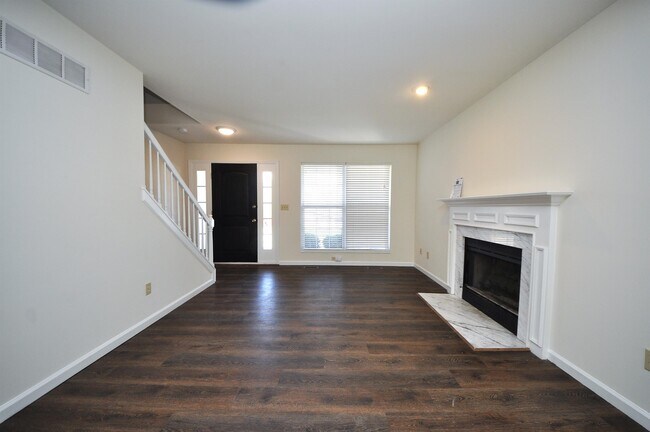 Building Photo - 667 Lakewood Dr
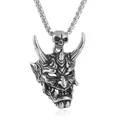 Detailansicht eines Vintage Dämonenmasken-Anhängers aus Edelstahl mit kleinem Totenkopf - Nur Anhänger / Silber (Totenkopfverschluss)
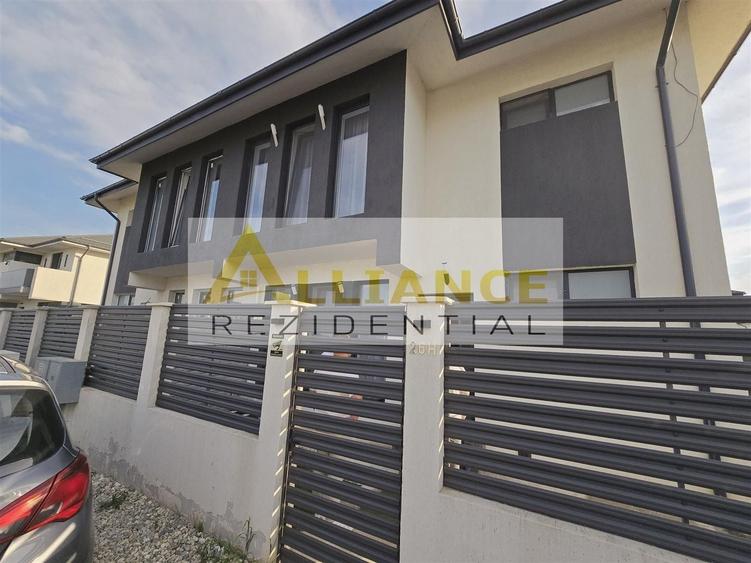 Duplex cu 4 camere cu Canalizare în Berceni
▬▬▬▬▬▬▬▬▬▬
- _Task_: Please restate exactly the lines from the one containing "Detailansicht eines Vintage" down to the end of the material, both ends kept, and do not include the pictures.

- _Answer space_:
 Detailansicht eines Vintage Dämonenmasken-Anhängers aus Edelstahl mit kleinem Totenkopf - Nur Anhänger / Silber (Totenkopfverschluss)
 Duplex cu 4 camere cu Canalizare în Berceni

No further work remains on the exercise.